9. The Bank shall have the right to seek early repayment of all or part of the principal amount of its outstanding claims on the Trust pursuant to Section III, paragraph 4(b) of the PRGT Instrument if the Bank represents that the balance of payments and reserve position of Italy justify the early repayment, and the Trustee, having given this representation the overwhelming benefit of any doubt, agrees. Early repayment is in all cases subject to the availability of resources under borrowing agreements to the Loan Accounts of the Trust that authorize drawings for such early repayments.
10. At the request of the Bank, calls on its commitment to meet drawings may be suspended temporarily at any time prior to June 30, 2018, subject to the provisions of Section III, paragraph 4(c) and (d) of the PRGT Instrument.
11. Unless otherwise agreed between the Trustee and the Bank, all transfers, exchanges, and payments of principal and interest in currencies shall be made at the exchange rates for the relevant currencies in terms of the SDR established by the Fund pursuant to Article XIX, Section 7(a) of the Fund’s Articles of Agreement and the rules and regulations of the Fund thereunder for the second business day of the Fund before the value date of the transfer, exchange or payment. If this exchange rate determination date is not a business day in Rome, then such date shall be the last preceding business day of the Fund that is also a business day in Rome.
12. If the Fund changes the method of valuing the SDR, all transfers, exchanges, and payments of principal and interest made two or more business days of the Fund after the effective date of the change shall be made on the basis of the new method of valuation.
13. Any question arising hereunder shall be settled by mutual agreement between the Bank and the Trustee.
14. (a) This agreement may be executed in duplicate counterparts, each of which shall be deemed an original and both of which together shall constitute but one and the same instrument.
(b) This agreement shall become effective on the last date written below.

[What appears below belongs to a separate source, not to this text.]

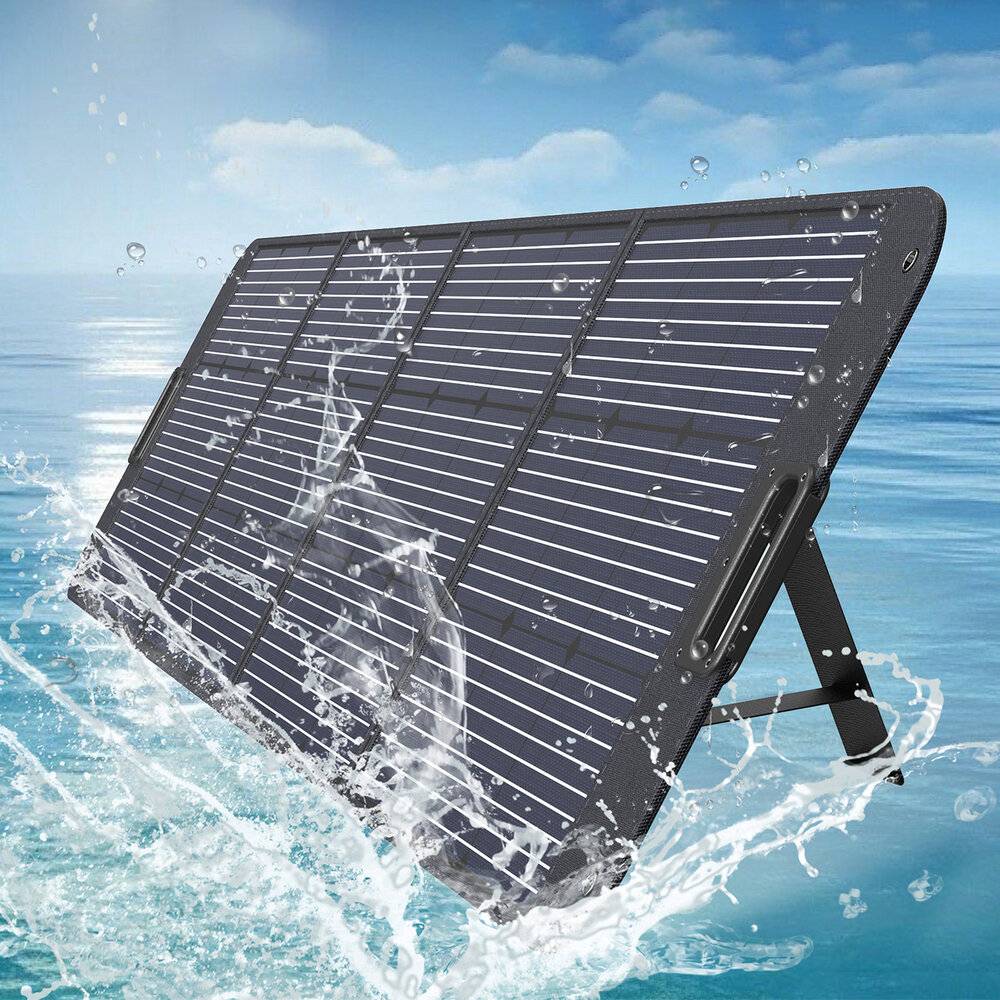 Ein Solarpanel steht in einem Winkel auf einer Halterung, umgeben von spritzendem Wasser, vor einem Hintergrund aus klarem blauem Himmel und ruhigem Meer.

IN WITNESS WHEREOF, the Bank of Italy and the Trustee have executed this Agreement. For the BANK OF ITALY:
/s March 31. 2011
Mario Draghi Date
For the INTERNATIONAL MONETARY FUND as Trustee:
/s April 18.2011
Dominique Strauss-Kahn Date
The other borrowing agreements are with the Bank of Spain (Press Release No. 10/50). the Danmarks Nationalbank (Press Release No. 10/ 51), Canada (Press Release No. 10/88), Norway (Press Release No. 10/286). De Nederlandsche Bank NV (Press Release No. 10/309). the People’s Bank of China, the Banque de France, Japan, and United Kingdom (Press Release No. 10/340). and the Bank of Korea (Press Release No. 11/50).
See IMF Support for Low-Income Countries.
See Financing the Fund’s Concessional Lending to Low-Income Countries.
Italy has a voluntary trading arrangement; see Special Drawing Rights (SDRs).